Here stood men and women telling our story. Our hurts, our drama, our fights, and yet they were living in long-term sobriety. I started seeing that there might be hope. For the first time I thought that maybe my husband wasn’t the monster I made him out to be.
With the guidance of his sponsor, we started praying together as a family. Every morning, on our knees, reciting a prayer he learned.
But I would pray and then get up and mutter something about him being a hypocrite. I would go right back to being horrible even though he had been sober longer than ever.
One morning he must have had enough and asked me, “What have I done to you this morning to make you so angry?”
I didn’t have an answer. I said, “I don’t know, but I hate you and I hate my life.” He told me that I too needed to seek help. While I didn’t have a drinking problem, I certainly had a problem of perspective.
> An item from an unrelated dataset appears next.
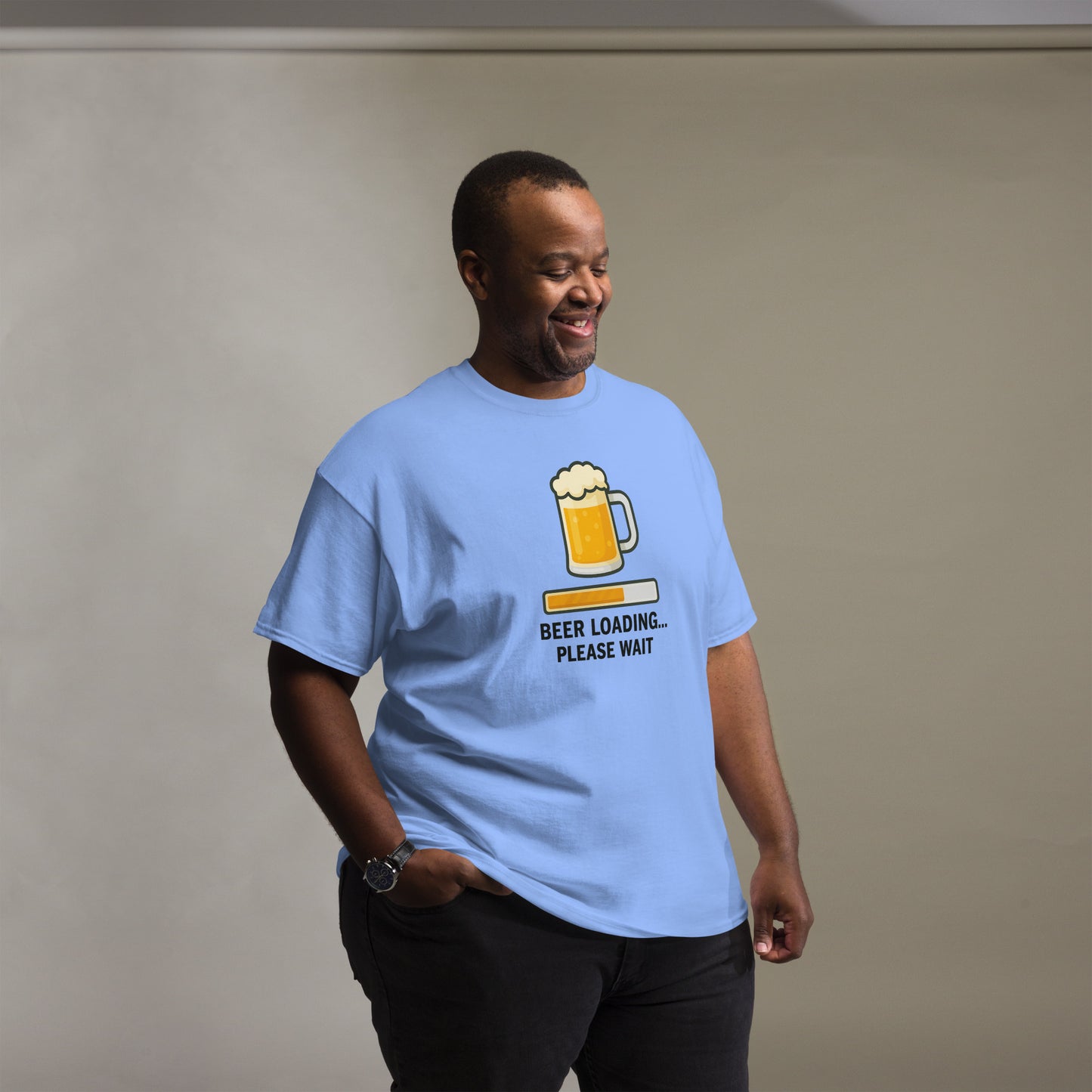 Graphic t-shirt with beer mugs clinking and International Beer Day text, flat lay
And so began my journey of finding God.
It was a slow and painful process.
I had years of bad habits. Blame and anger had built up. I had to look critically in places I had never taken responsibility. I had also caused so much hurt and damage, and I had been sober!
What was my excuse?
God placed a wonderful woman in my life that walked this path to serenity with me. She shared her stories, told me there wasn’t anything I could tell her that she hadn’t already heard. She didn’t shame me. She was patient and encouraging and let me slowly see how I needed to take responsibility for my actions. She was God in the flesh, and I will be forever grateful for her.
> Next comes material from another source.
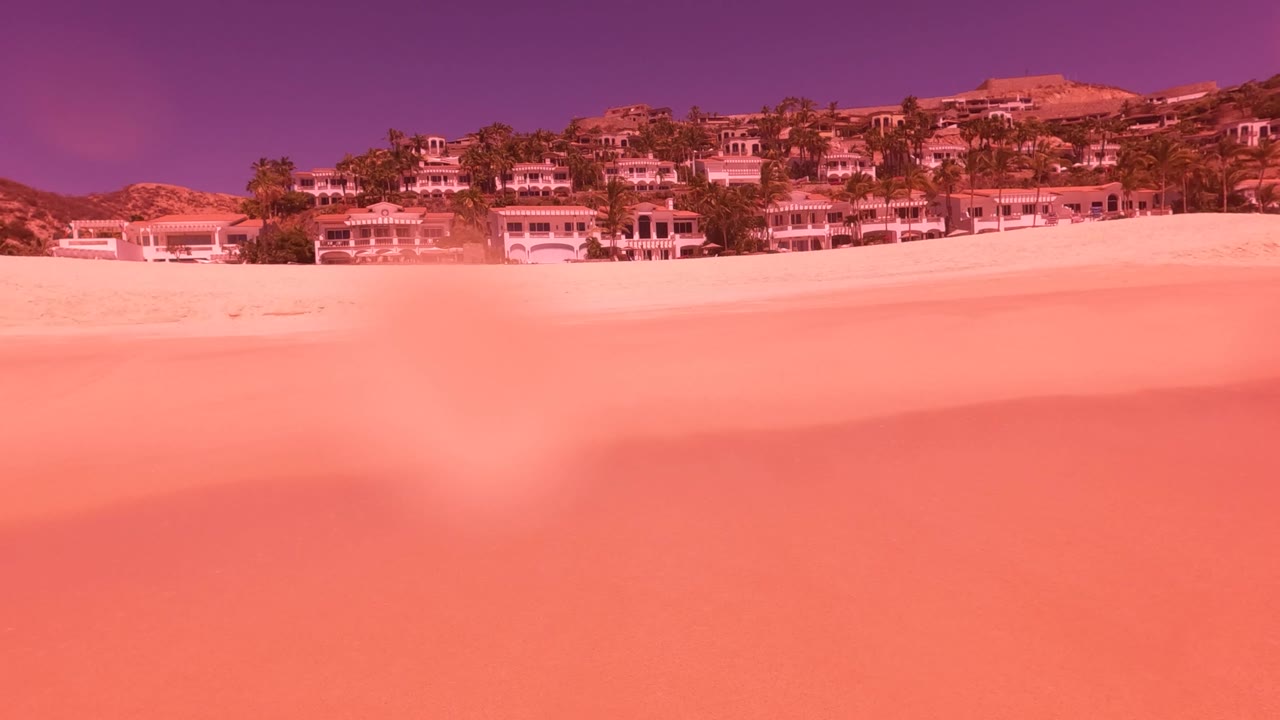 Empty pink-tinted beach sand spans the frame in San Jose del Cabo, with hillside resort buildings across the top and no visible people.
Our marriage didn’t recover overnight.
Ten years’ worth of pain doesn’t go away in a few weeks. But we started to see the changes in one another. Our relationships with our extended families started to heal. He and I began sharing our story at local treatment centers. We saw that we could offer hope even if we didn’t have it all together.
Laughter returned to our home. Communication returned and walls came down.
Today we are living in our seventh year of continuous sobriety! Praise God for that blessing!
We have had two more children in sobriety. Children that, God willing, won’t ever know the pain of that past life. Today my husband and I work together in his successful business that is itself a reflection of God’s blessing on our lives.
But we can’t get the credit.
Only God can get the glory.
He restores. He heals and He blesses. We are living proof of that miracle.
Alcoholism is prevalent and carries a terrible stigma. My prayer in sharing our story is to break down some of those walls and to offer hope. God can heal what seems beyond fixing if we reach for Him and are willing to act.
I also want to share that we still don’t have it all together. We fight. The old nature comes back and we say mean things or ignore each other and want to give up. Being sober doesn’t mean having a flawless marriage. But God’s still in this. And the restoration is still a work in progress. I believe we have to hang in there and keep working.